Allah berfirman (yang artinya), “Itulah Allah, Rabb kalian, kepunyaan-Nya lah kerajaan, dan orang-orang yang kalian ibadahi dari selain Allah tidak memiliki apa pun walau setipis kulit ari” (QS. Fathir : 13). (lihat Nubdah, hal 21-23)

Ketiga, mengimani uluhiyah Allah

Yang dimaksud dengan mengimani uluhiyyah Allah adalah mengimani bahwa Allah adalah satu-satunya ilah yang berhak dibadahi. Tidak ada sekutu baginya. Ilah artinya yang diibadahi karena kecintaan dan pengagungan. Allah berfirman (yang artinya), “Yang demikian itu, adalah karena sesungguhnya Allah, Dialah yang haq dan sesungguhnya selain Allah yang diibadahi oleh mereka (orang-orang musyrik), itulah yang batil, dan sesungguhnya Allah, Maha Tinggi lagi Maha besar.” (QS. Al Hajj : 62). Allah menilai batilnya sesembahan orang musyrik. Karena, selain Allah adalah makhluk yang tidak memiliki apa pun dan tidak dapat memberikan manfaat kepada penyembahnya serta tidak dapat menolak bahaya yang menimpa dirinya.

Seseorang yang telah mengimani rububiyyah Allah mengharuskannya untuk mengimani uluhiyyah Allah. Allah berfirman (yang artinya), “Wahai manusia, beribadahlah kalian kepada Rabb kalian yang telah mencipatakan kalian dan orang-orang sebelum kalian agar kalian bertakwa” (QS Al Baqarah : 21). (lihat dari Nubdah, hal 23-26)

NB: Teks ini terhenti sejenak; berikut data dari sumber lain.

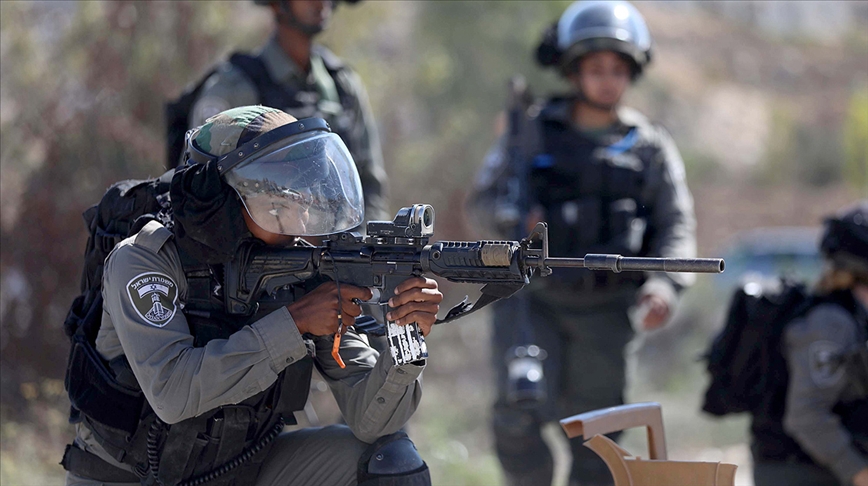 İsrail askerlerinden Ramallah'a baskın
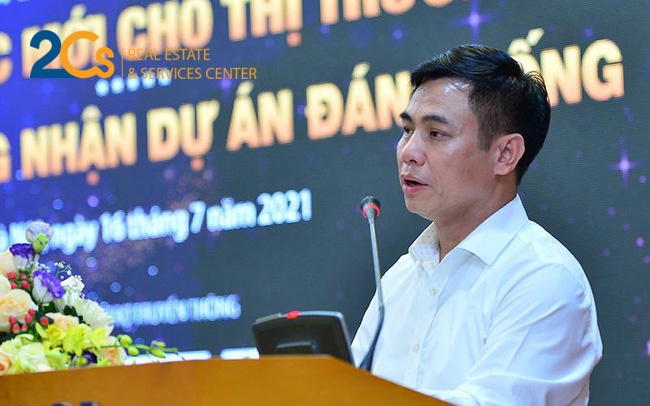 Ông Nguyễn Mạnh Khởi, Phó Cục trưởng Cục Quản lý nhà và thị trường bất động sản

Keempat, mengimani nama-nama dan sifat-sifat Allah

Yang dimaksud dengan mengimani nama-nama dan sifat-sifat Allah adalah menetapkan nama-nama dan sifat-sifat Allah yang telah Allah tetapkan untuk diri-Nya di Al Qur’an dan hadits Rasulullah shallallahu ’alaihi wa sallam tanpa melakukan penyimpangan. Iniadalahsalah satu prinsip aqidah ahlus sunnah wal jama’ah.

Allah berfirman (yang artinya), “Milik Allah-lah nama-nama yang indah maka berdoalah kepada-Nya dengan nama-nama-Nya. Dan tinggalkanlah orang-orang yang menyimpangkan nama-nama-Nya. Mereka akan dihukum dengan apa yang telah mereka kerjakan” (QS. Al A’raf : 180). Allah juga berfirman (yang artinya), “Dia tidak semisal dengan apapun. Dialah Allah yang Maha Mendengar lagi Maha Melihat” (QS. Asy Syura : 11). (lihat Nubdah, hal 23-26).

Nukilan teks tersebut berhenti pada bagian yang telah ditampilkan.